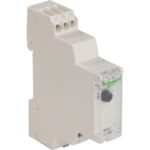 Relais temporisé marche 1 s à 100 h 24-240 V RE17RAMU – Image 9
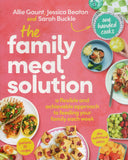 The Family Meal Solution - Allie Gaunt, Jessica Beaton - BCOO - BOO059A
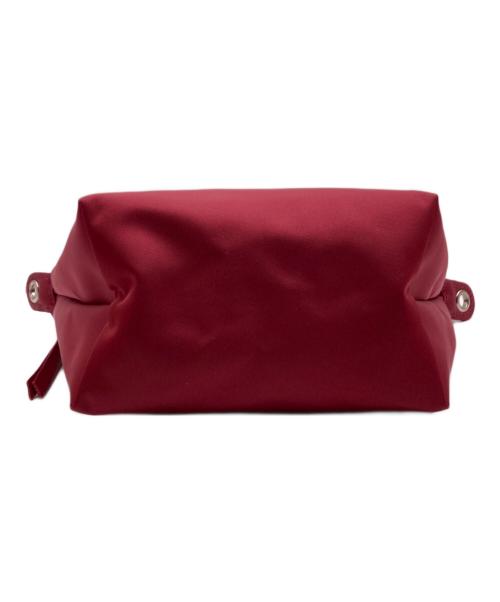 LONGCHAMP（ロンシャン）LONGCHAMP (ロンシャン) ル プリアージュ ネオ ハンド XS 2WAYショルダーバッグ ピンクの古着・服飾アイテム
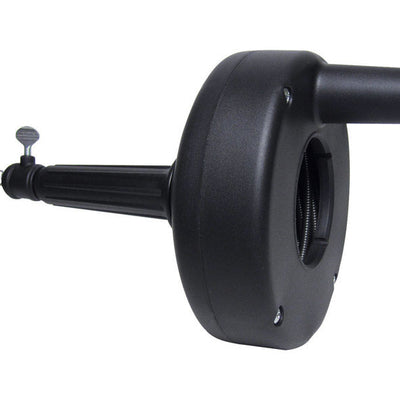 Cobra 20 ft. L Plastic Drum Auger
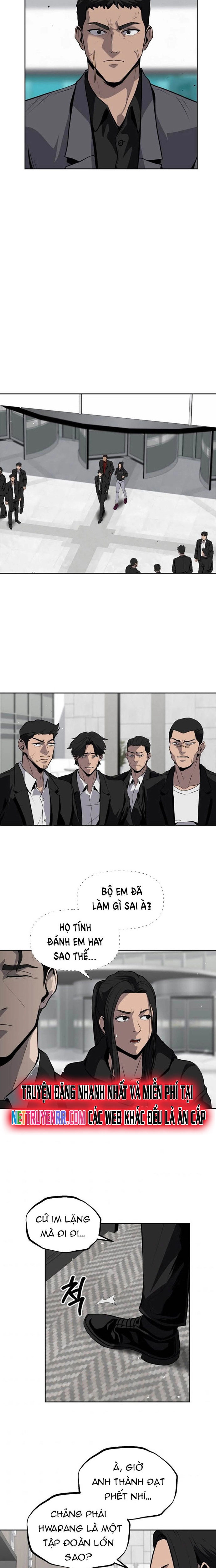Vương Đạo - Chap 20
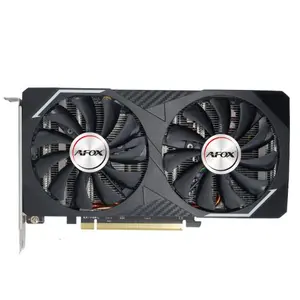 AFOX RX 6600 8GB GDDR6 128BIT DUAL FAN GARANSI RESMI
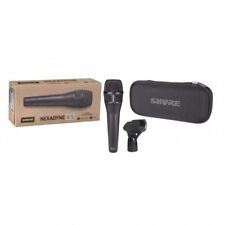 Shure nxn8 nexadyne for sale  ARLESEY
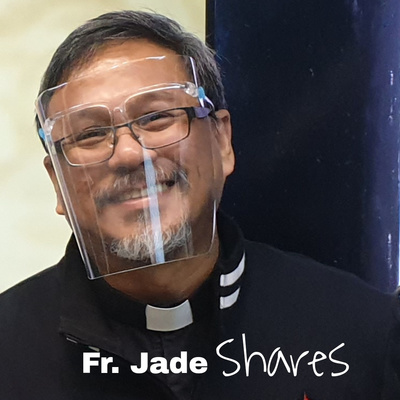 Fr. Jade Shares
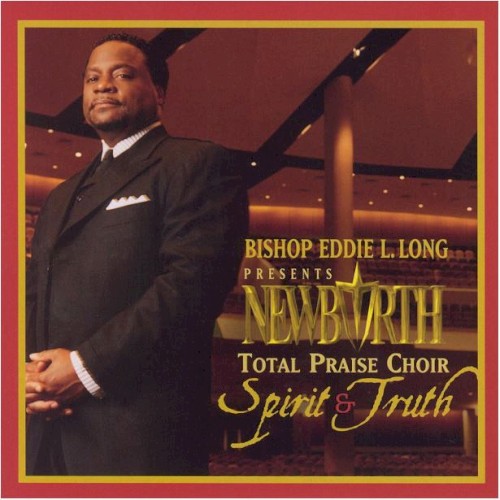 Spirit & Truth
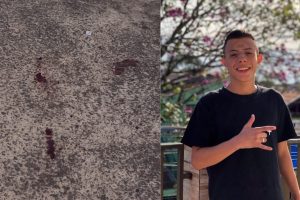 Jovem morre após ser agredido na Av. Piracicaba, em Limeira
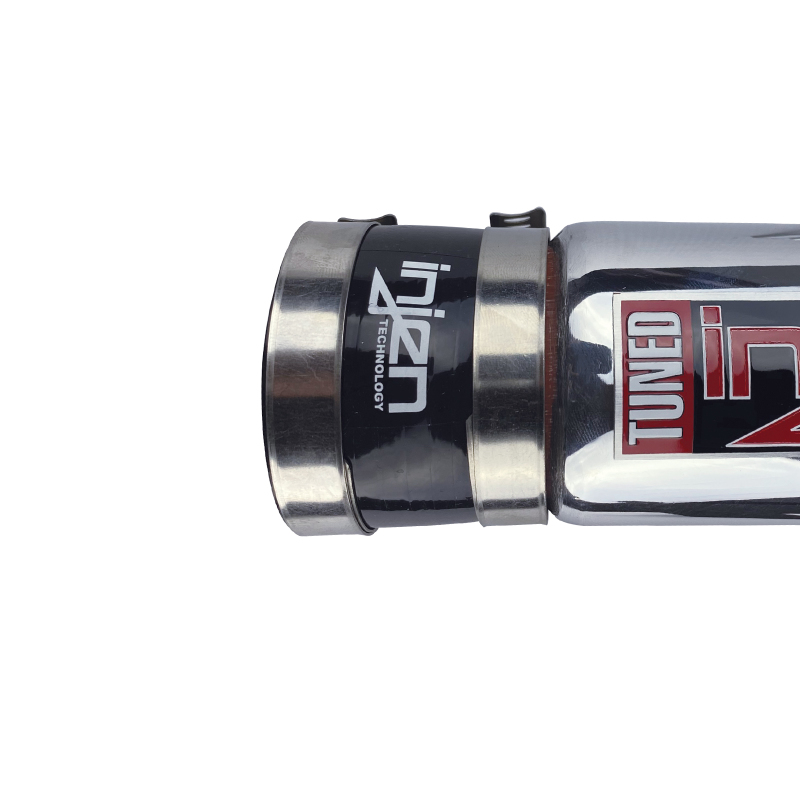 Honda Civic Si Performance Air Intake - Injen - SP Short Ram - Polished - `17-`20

|---|

# [Your assignment]
All of the entries above are to be written out exactly, with no pictures.

# [Solution to this problem]
 Relais temporisé marche 1 s à 100 h 24-240 V RE17RAMU – Image 9
 The Family Meal Solution - Allie Gaunt, Jessica Beaton - BCOO - BOO059A
 LONGCHAMP（ロンシャン）LONGCHAMP (ロンシャン) ル プリアージュ ネオ ハンド XS 2WAYショルダーバッグ ピンクの古着・服飾アイテム
 Cobra 20 ft. L Plastic Drum Auger
Vương Đạo - Chap 20
 AFOX RX 6600 8GB GDDR6 128BIT DUAL FAN GARANSI RESMI
 Shure nxn8 nexadyne for sale  ARLESEY
 Fr. Jade Shares
 Spirit & Truth
 Jovem morre após ser agredido na Av. Piracicaba, em Limeira
 Honda Civic Si Performance Air Intake - Injen - SP Short Ram - Polished - `17-`20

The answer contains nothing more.